## What to do
Begin at the top of the following data. Copy each line exactly until you have copied the line containing "effectiveness of any".
--- Data extracts ---
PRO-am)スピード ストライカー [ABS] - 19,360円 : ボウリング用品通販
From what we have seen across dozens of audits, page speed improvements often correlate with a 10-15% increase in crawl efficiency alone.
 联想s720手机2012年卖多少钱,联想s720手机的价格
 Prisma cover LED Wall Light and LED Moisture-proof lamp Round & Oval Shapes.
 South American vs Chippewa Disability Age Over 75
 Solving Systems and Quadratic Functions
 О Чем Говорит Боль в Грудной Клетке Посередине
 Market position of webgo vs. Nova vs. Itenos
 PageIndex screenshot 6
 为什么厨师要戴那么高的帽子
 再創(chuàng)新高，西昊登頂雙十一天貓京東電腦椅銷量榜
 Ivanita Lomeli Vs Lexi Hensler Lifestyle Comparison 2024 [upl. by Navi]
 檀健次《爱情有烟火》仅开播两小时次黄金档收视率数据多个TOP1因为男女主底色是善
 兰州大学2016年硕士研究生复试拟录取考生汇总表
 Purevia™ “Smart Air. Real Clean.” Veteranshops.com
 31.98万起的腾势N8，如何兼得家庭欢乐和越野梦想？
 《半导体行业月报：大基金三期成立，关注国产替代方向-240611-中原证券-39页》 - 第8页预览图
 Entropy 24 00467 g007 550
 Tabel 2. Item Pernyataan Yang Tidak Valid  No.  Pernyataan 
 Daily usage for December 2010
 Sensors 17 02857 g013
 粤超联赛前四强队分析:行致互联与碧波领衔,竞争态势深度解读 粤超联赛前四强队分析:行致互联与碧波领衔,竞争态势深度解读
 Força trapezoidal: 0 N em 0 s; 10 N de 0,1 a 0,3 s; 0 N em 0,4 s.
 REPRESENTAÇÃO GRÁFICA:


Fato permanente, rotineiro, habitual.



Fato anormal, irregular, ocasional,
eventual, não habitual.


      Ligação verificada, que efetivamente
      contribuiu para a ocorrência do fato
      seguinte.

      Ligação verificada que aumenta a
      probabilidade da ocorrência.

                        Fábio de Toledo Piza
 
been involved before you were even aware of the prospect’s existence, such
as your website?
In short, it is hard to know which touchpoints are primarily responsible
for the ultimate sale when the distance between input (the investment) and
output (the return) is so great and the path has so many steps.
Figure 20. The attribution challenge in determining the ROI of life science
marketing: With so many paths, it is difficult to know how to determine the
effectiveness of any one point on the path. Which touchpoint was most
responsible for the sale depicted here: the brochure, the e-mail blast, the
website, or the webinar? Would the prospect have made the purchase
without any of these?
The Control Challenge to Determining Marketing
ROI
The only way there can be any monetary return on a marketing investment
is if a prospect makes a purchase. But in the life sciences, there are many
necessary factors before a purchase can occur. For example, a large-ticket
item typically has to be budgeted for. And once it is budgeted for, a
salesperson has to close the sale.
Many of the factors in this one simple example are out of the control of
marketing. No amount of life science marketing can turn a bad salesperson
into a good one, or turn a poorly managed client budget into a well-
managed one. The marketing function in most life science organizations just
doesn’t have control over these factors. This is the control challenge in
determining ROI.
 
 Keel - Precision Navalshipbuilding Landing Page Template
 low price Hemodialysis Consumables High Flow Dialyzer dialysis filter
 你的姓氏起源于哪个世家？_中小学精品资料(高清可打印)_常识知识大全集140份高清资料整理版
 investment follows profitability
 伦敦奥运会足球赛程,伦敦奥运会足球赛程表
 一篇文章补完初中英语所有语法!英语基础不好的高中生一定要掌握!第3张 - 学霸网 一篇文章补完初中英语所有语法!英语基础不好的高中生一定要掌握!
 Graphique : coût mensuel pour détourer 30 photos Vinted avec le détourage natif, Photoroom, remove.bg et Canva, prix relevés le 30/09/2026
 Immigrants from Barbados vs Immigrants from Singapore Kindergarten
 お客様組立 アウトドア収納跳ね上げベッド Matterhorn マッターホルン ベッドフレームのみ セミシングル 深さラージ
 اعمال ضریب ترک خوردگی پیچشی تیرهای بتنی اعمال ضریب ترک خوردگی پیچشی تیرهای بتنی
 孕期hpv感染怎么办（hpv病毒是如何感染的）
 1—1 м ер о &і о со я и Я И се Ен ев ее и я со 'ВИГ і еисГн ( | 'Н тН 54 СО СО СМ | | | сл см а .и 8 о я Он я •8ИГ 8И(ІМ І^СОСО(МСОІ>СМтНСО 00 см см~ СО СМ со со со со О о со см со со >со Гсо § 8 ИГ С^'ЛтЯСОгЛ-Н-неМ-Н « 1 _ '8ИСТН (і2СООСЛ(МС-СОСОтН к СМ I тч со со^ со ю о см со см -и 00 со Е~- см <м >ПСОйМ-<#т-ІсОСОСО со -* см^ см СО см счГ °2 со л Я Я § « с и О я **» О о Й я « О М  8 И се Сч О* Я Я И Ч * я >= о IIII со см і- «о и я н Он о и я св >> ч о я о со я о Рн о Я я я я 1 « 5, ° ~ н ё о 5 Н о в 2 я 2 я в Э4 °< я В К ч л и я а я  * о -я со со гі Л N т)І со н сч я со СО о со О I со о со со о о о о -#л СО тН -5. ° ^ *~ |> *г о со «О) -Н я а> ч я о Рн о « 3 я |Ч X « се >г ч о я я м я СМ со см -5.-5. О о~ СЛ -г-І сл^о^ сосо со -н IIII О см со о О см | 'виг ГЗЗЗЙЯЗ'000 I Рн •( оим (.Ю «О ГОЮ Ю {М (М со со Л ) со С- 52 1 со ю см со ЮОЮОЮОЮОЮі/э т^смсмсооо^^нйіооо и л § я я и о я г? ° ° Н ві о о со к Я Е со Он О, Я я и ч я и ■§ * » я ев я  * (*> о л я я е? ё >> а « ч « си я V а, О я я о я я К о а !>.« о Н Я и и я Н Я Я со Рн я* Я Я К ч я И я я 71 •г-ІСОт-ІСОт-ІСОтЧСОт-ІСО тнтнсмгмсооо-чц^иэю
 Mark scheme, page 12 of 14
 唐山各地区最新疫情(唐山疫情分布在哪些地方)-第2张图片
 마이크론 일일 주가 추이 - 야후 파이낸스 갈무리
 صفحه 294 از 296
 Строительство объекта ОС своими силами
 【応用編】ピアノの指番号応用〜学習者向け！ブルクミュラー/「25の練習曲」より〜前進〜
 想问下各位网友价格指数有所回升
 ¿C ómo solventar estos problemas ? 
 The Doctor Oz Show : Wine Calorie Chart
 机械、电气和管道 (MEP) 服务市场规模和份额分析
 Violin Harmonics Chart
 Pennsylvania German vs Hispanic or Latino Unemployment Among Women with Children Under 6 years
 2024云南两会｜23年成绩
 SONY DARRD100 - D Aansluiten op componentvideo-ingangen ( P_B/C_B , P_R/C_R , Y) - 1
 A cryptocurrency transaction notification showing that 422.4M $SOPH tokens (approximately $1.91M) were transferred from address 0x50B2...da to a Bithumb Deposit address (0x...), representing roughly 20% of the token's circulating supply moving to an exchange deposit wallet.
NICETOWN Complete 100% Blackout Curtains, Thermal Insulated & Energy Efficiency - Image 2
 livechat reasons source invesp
---
## Answer to this task
PRO-am)スピード ストライカー [ABS] - 19,360円 : ボウリング用品通販
From what we have seen across dozens of audits, page speed improvements often correlate with a 10-15% increase in crawl efficiency alone.
 联想s720手机2012年卖多少钱,联想s720手机的价格
 Prisma cover LED Wall Light and LED Moisture-proof lamp Round & Oval Shapes.
 South American vs Chippewa Disability Age Over 75
 Solving Systems and Quadratic Functions
 О Чем Говорит Боль в Грудной Клетке Посередине
 Market position of webgo vs. Nova vs. Itenos
 PageIndex screenshot 6
 为什么厨师要戴那么高的帽子
 再創(chuàng)新高，西昊登頂雙十一天貓京東電腦椅銷量榜
 Ivanita Lomeli Vs Lexi Hensler Lifestyle Comparison 2024 [upl. by Navi]
 檀健次《爱情有烟火》仅开播两小时次黄金档收视率数据多个TOP1因为男女主底色是善
 兰州大学2016年硕士研究生复试拟录取考生汇总表
 Purevia™ “Smart Air. Real Clean.” Veteranshops.com
 31.98万起的腾势N8，如何兼得家庭欢乐和越野梦想？
 《半导体行业月报：大基金三期成立，关注国产替代方向-240611-中原证券-39页》 - 第8页预览图
 Entropy 24 00467 g007 550
 Tabel 2. Item Pernyataan Yang Tidak Valid  No.  Pernyataan 
 Daily usage for December 2010
 Sensors 17 02857 g013
 粤超联赛前四强队分析:行致互联与碧波领衔,竞争态势深度解读 粤超联赛前四强队分析:行致互联与碧波领衔,竞争态势深度解读
 Força trapezoidal: 0 N em 0 s; 10 N de 0,1 a 0,3 s; 0 N em 0,4 s.
 REPRESENTAÇÃO GRÁFICA:


Fato permanente, rotineiro, habitual.



Fato anormal, irregular, ocasional,
eventual, não habitual.


      Ligação verificada, que efetivamente
      contribuiu para a ocorrência do fato
      seguinte.

      Ligação verificada que aumenta a
      probabilidade da ocorrência.

                        Fábio de Toledo Piza
 
been involved before you were even aware of the prospect’s existence, such
as your website?
In short, it is hard to know which touchpoints are primarily responsible
for the ultimate sale when the distance between input (the investment) and
output (the return) is so great and the path has so many steps.
Figure 20. The attribution challenge in determining the ROI of life science
marketing: With so many paths, it is difficult to know how to determine the
effectiveness of any one point on the path. Which touchpoint was most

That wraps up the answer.